What the task requires:
The reply should be the records repeated exactly, without any images.
(Supplied information Opens)
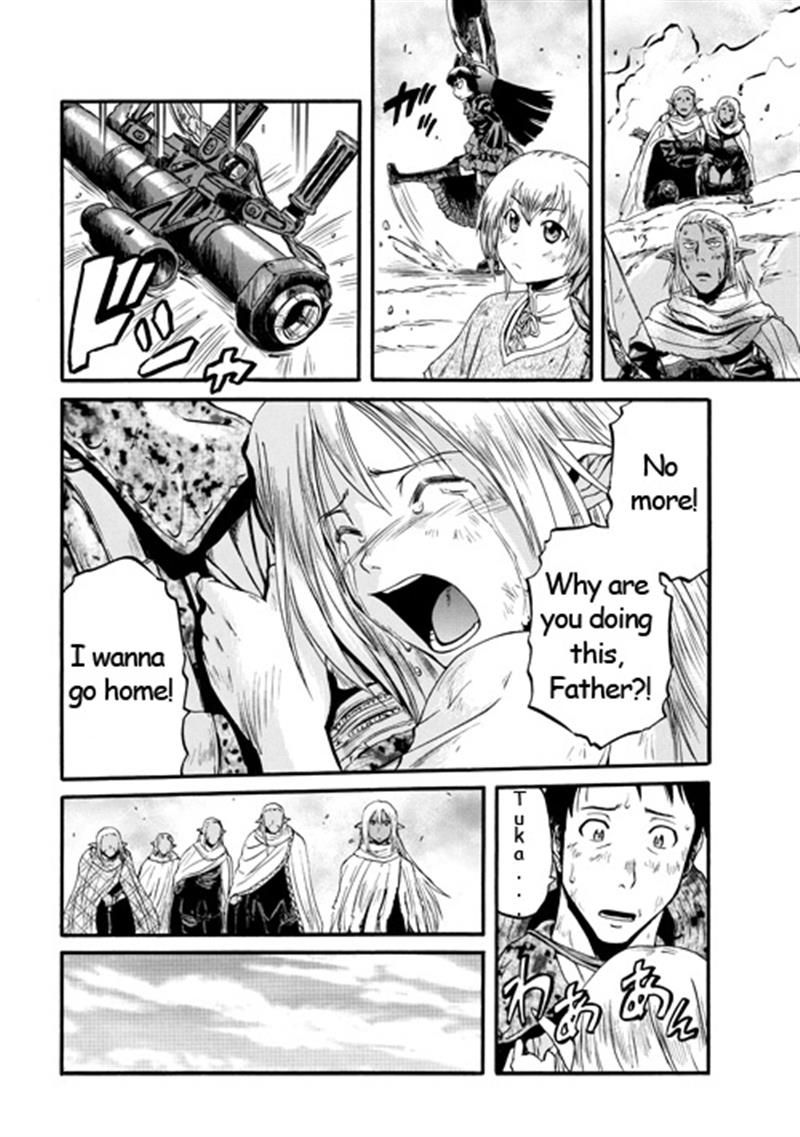 Gate - Jietai Kare no Chi nite, Kaku Tatakeri 42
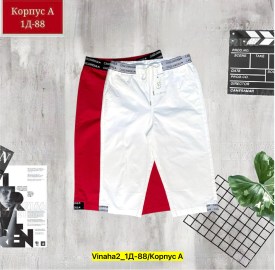 Шорты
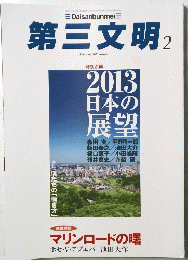 第三文明　2013年2月号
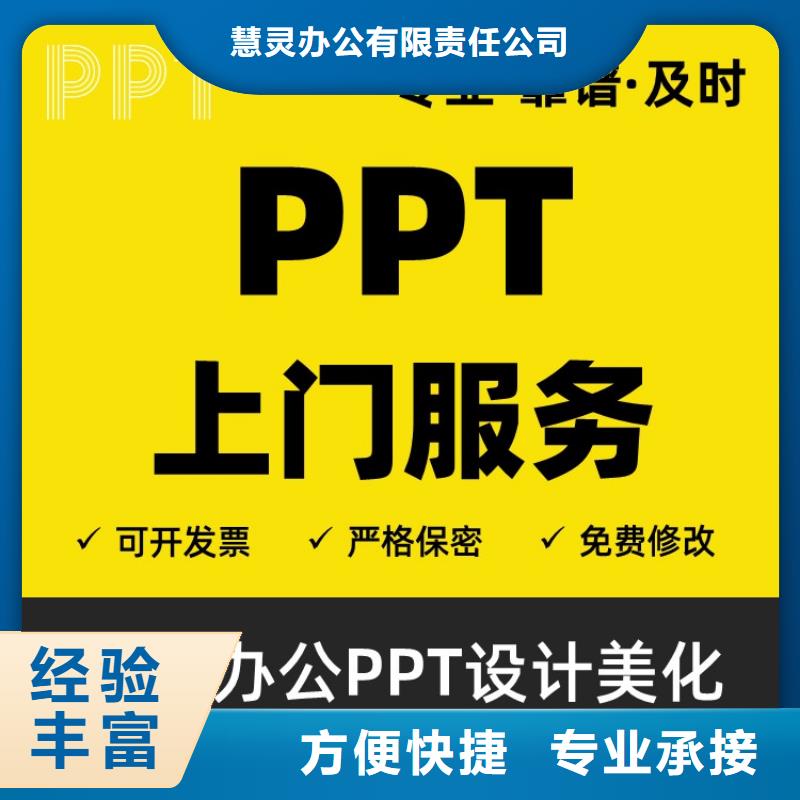 PPT副主任医师上门服务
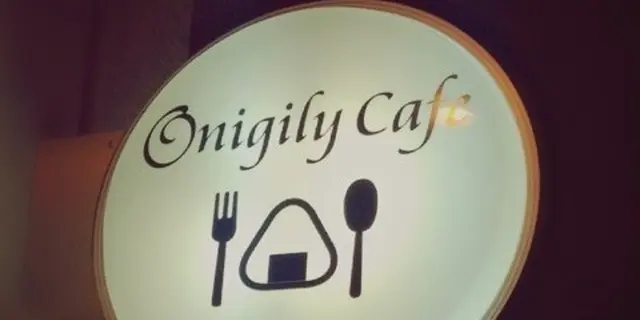 中目黒のお気に入りランチ♪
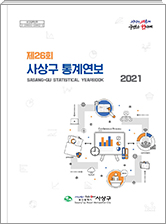  통계연보26 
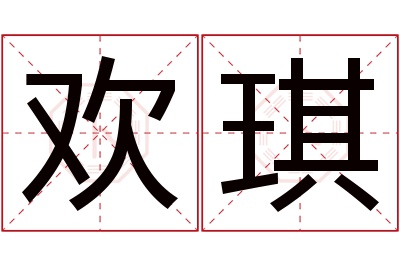 欢琪名字寓意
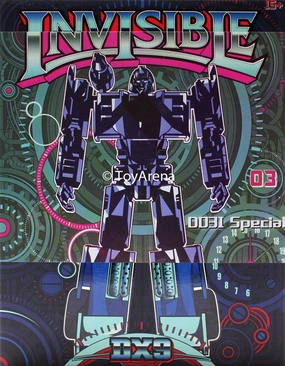 Unique Toys UT-D03I DX9 Invisible Transparent Phantom Action Figure Recycled plastic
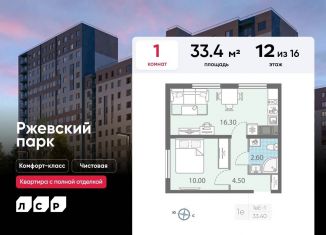 Продажа 1-комнатной квартиры, 33.4 м2, Ленинградская область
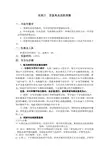 测量实习报告：实验三__竖直角及视距测量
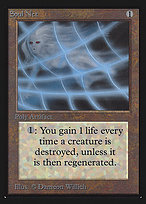Soul Net (CED-271) - uncommon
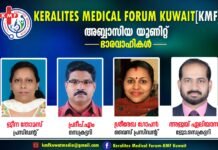 കേരളൈറ്റ്സ് മെഡിക്കൽ ഫോറം-KMF, അബ്ബാസിയയിൽ യൂണിറ്റ് രൂപീകരിച്ചു.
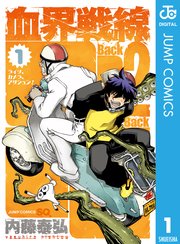 血界戦線 Back 2 Back 1巻 無料試し読みなら漫画 マンガ 電子書籍のコミックシーモア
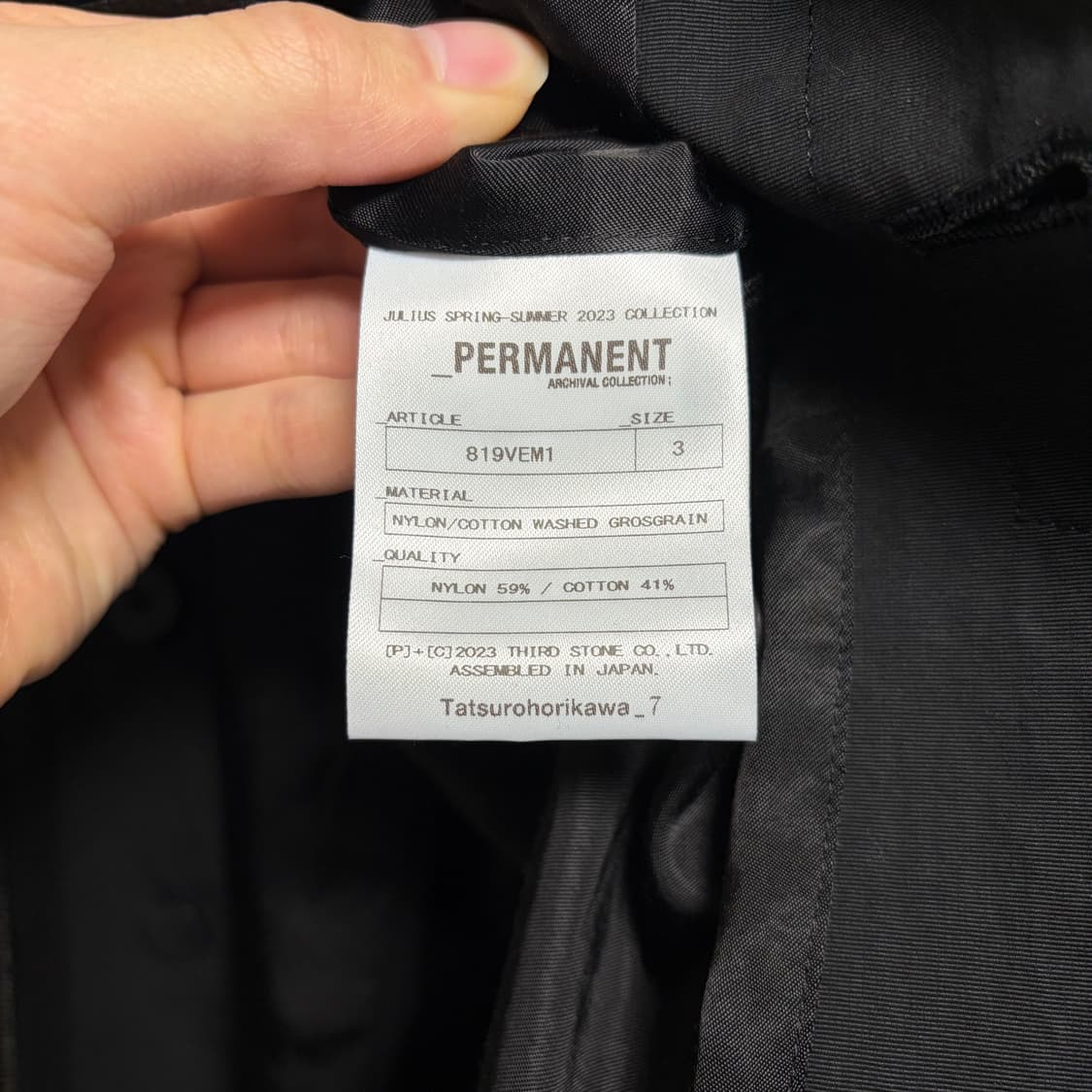 [3] 율리우스 23SS 멀티 지퍼 베스트 상품이미지6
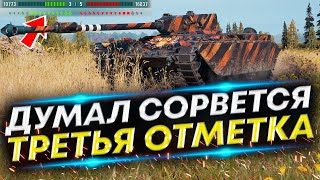 Мы должны были ЭТО Проиграть - Три отметки на Char Mle 75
(Supplied information Closes)
Output of the task:
 Gate - Jietai Kare no Chi nite, Kaku Tatakeri 42
 Шорты
 第三文明　2013年2月号
 PPT副主任医师上门服务
 中目黒のお気に入りランチ♪
  통계연보26 
 欢琪名字寓意
 Unique Toys UT-D03I DX9 Invisible Transparent Phantom Action Figure Recycled plastic
 Продажа 1-комнатной квартиры, 33.4 м2, Ленинградская область
 测量实习报告：实验三__竖直角及视距测量
Soul Net (CED-271) - uncommon
 കേരളൈറ്റ്സ് മെഡിക്കൽ ഫോറം-KMF, അബ്ബാസിയയിൽ യൂണിറ്റ് രൂപീകരിച്ചു.
 血界戦線 Back 2 Back 1巻 無料試し読みなら漫画 マンガ 電子書籍のコミックシーモア
 [3] 율리우스 23SS 멀티 지퍼 베스트 상품이미지6
 Мы должны были ЭТО Проиграть - Три отметки на Char Mle 75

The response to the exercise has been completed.